Changes to midwifery legislation come in to force

Changes to midwifery legislation come in to force

Long awaited changes to the Nursing and Midwifery Council’s (NMC) legislation have come in to force. These important changes will modernise midwifery regulation by separating statutory supervision from legislation. The changes also mean that the NMC will no longer be required to maintain a statutory Midwifery Committee.

The separation of supervision from regulation comes after a number of critical incidents and independent reports which confirmed the existing arrangements for midwives were not appropriate for public protection.

NMC Chief Executive and Registrar Jackie Smith said: “I’m pleased to see these important changes finally take effect.

“I have maintained for a long time that our legislation in his area was out of date and in need of reform. These changes will, for the first time, ensure that we are fully responsible for all aspects of the regulation of midwives helping to ensure safe and effective practice, with regulation of midwifery that is proportionate, fair and focused on public protection.”
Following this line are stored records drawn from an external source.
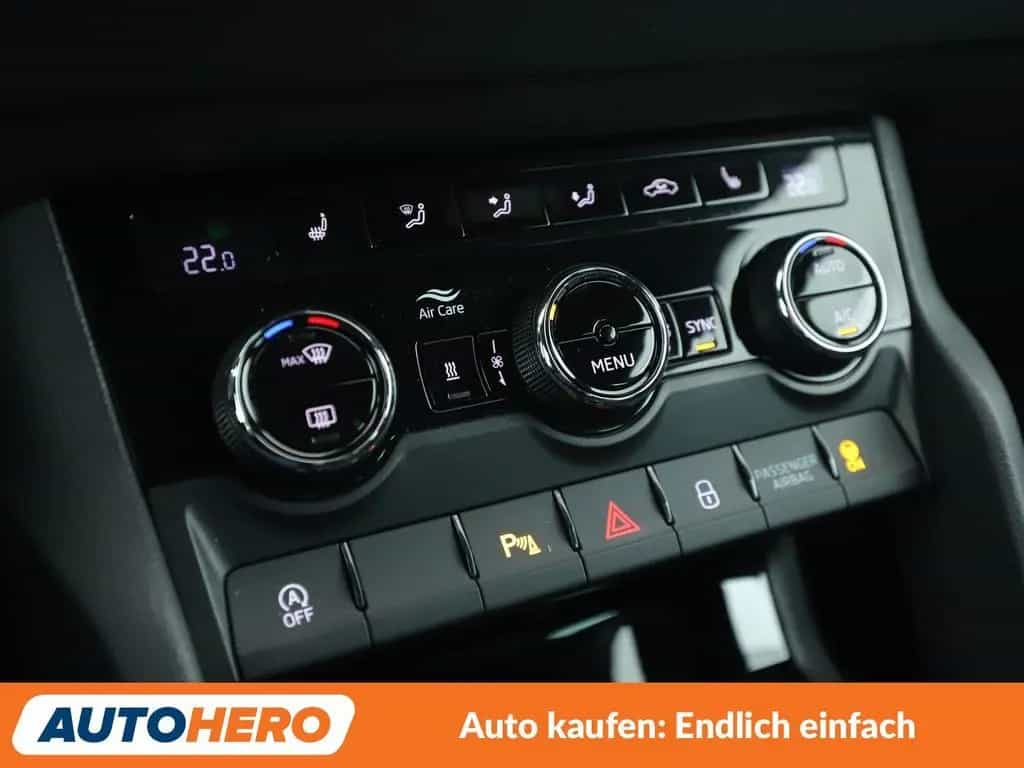 Skoda Karoq 1.5 TSI ACT SportLine Aut.*LED*ACC*CAM* 03/2019-photo-22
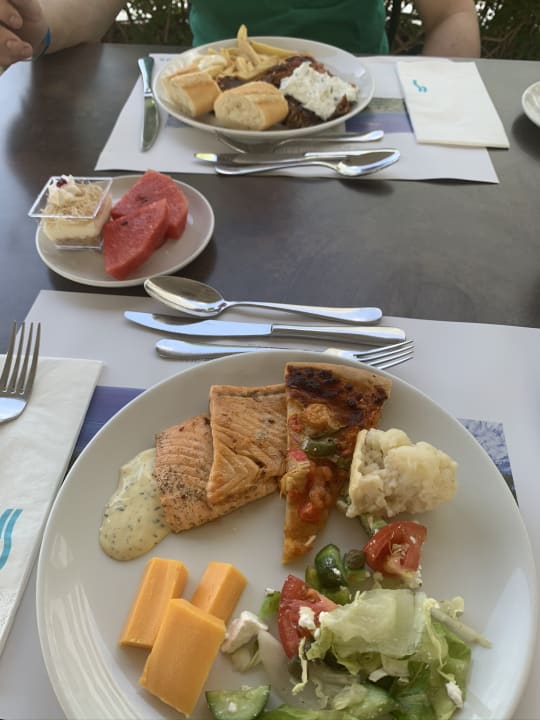 Gastro Crystal Springs Beach Hotel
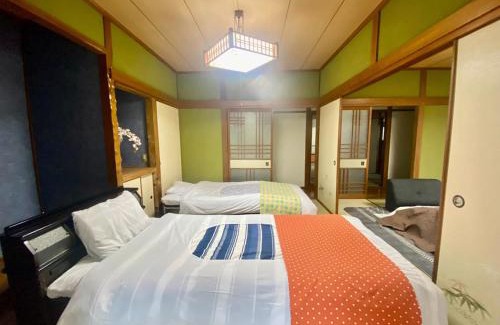 Yufu House | 鉄道と山の見える家
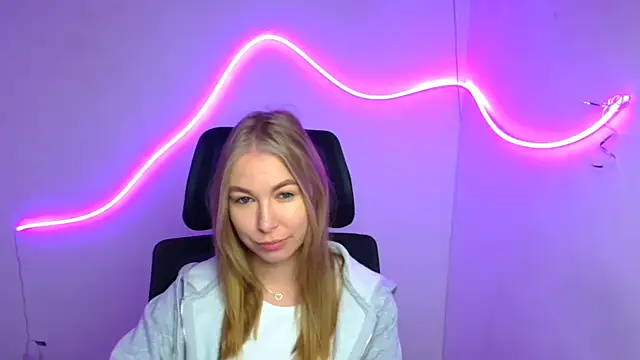 Snapshot of Dana_flowers chatting on 4, 10, 2025 Dana flowers online show from 4, 10, 2025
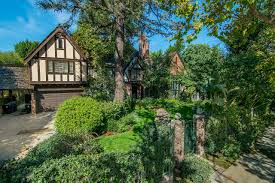 Lapd investigates armie hammer after european woman, 24, accuses him of violently raping her for four hours in 2017. Armie Hammer And Wife Elizabeth Purchase English Tudor Home In Los Angeles Architectural Digest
New models of supervision, no longer linked to regulation, have been developed in each of the four countries of the UK which will help to ensure that midwives retain the things about supervision which they most value.

We are committed to ensuring a strong midwifery voice within the NMC following the removal of the Midwifery Committee. We have established a Midwifery Panel which will provide us with high level advice on key midwifery issues and we will continue to strengthen this important group with additional members. We will also secure advice on midwifery and maternity matters through task groups and listening events, as well as through the work Professor Mary Renfrew is leading on developing new midwifery education standards.

Changes to our fitness to practise processes have also come in to force today. These changes will allow for greater flexibility in the scheduling of hearings and will also mean interim order reviews take place at six month intervals.

Further changes to our fitness to practise processes are due to come in to force in the summer, with our Case Examiners receiving expanded powers issue warnings, recommend undertakings and give advice. These changes will allow us to develop a more proportionate approach to cases, with powers to resolve some less contentious matters more simply and quickly, taking only the most serious cases to a full hearing.